Dark matter makes up about 23 percent of the mass-energy content of the universe, even though we don’t know what it is or have yet to directly see it (which is why it’s called “dark”). So how can we detect it and when we do, what will it reveal about the universe? In mid-October, more than 100 cosmologists, particle physicists and astrophysicists gathered for a meeting called "Dark Matter Universe: On the Threshold of Discovery" at the National Academy of Sciences’ Beckman Center in Irvine, CA. Their goal: to take stock of the latest theories and findings about dark matter, assess just how close we are to detecting it and spark cross-disciplinary discussions and collaborations aimed at resolving the dark matter puzzle.
The image above is one of the most detailed maps of dark matter in our universe ever created. The location of the dark matter (tinted blue) was inferred through observations of magnified and distorted distant galaxies seen in this picture.

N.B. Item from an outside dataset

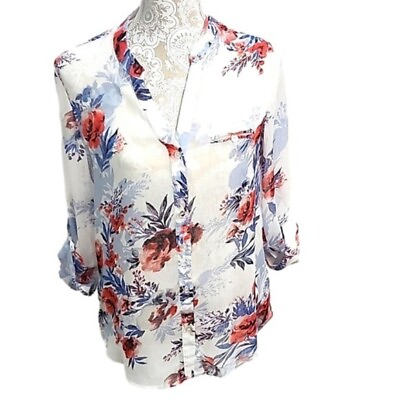 #ad Kut from the Kloth women#x27;s long roll table sleeve sheer floral top small $20.99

"Figuring out what is dark matter has become a problem that astrophysicists, cosmologists and particle physicists all want to solve, because dark matter is central to our understanding of the universe," says Michael S. Turner – Rauner Distinguished Service Professor and Director of the Kavli Institute for Cosmological Physics at the University of Chicago. "We now have a compelling hypothesis, namely that dark matter is comprised of WIMPs (Weakly Interacting Massive Particle), particles that don’t radiate light and interact rarely with ordinary matter. After decades of trying to figure out how to test the idea that dark matter is made up of WIMPs, we have three ways to test this hypothesis. Best of all, all three methods are closing in on being able to either confirm or falsify the WIMP. So the stars have truly aligned."